Problem requirements
Starting at the line with "Ruža červená na", return every line through the final one of the data, word for word. Pictures stay out.

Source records
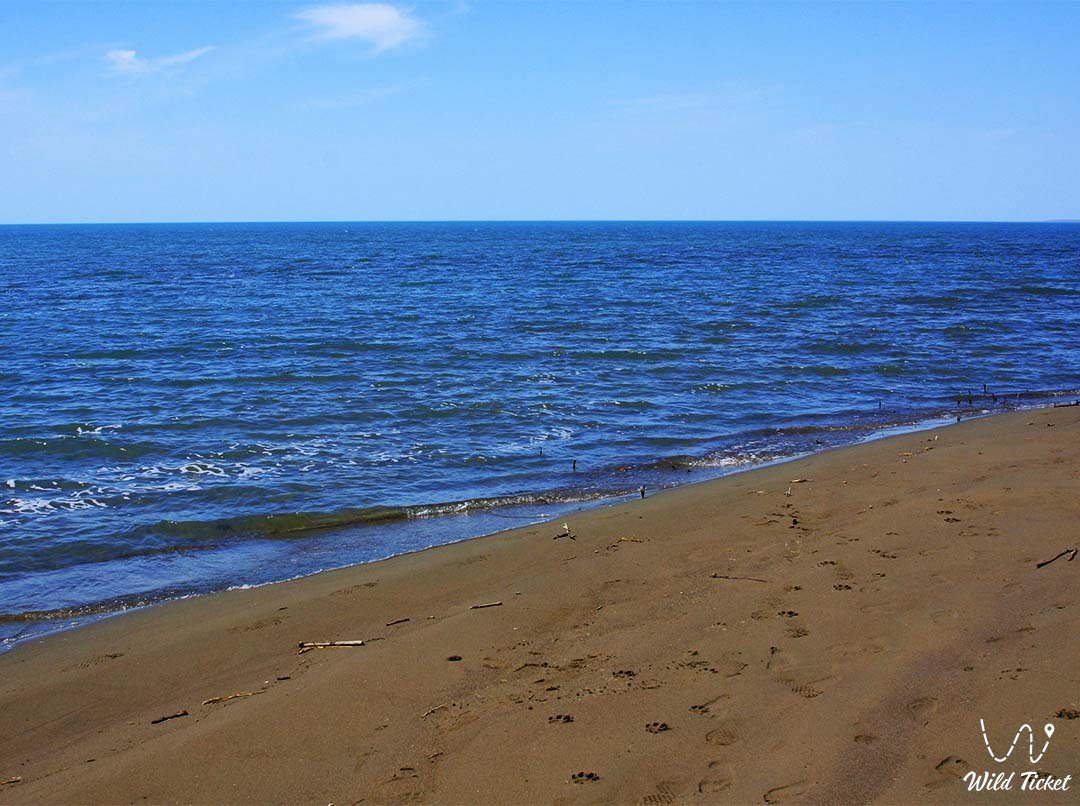 Алгазы остров на озере Балхаш, Карагандинская область, Казахстан.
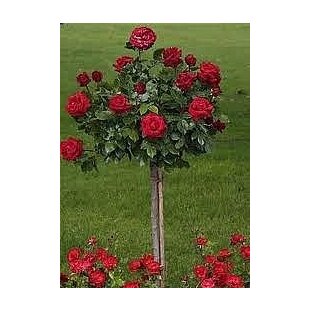 Ruža červená na kmienku 90/110cm, v črepníku Rosa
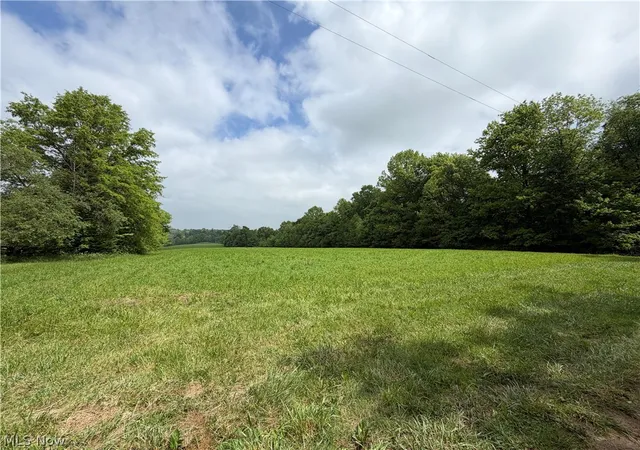 Homes for sale in Shreve, OH | 8416 Township Road 551, Shreve, OH 44676 | MLS# 5215000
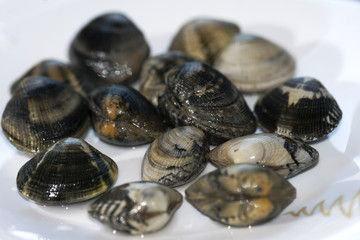 veraci clams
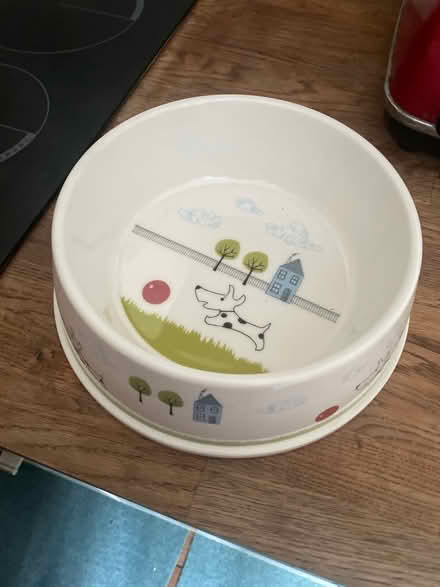 Photo of free Dog bowl brand new (Blacklands TN34) #1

Answer
 Ruža červená na kmienku 90/110cm, v črepníku Rosa
 Homes for sale in Shreve, OH | 8416 Township Road 551, Shreve, OH 44676 | MLS# 5215000
 veraci clams
 Photo of free Dog bowl brand new (Blacklands TN34) #1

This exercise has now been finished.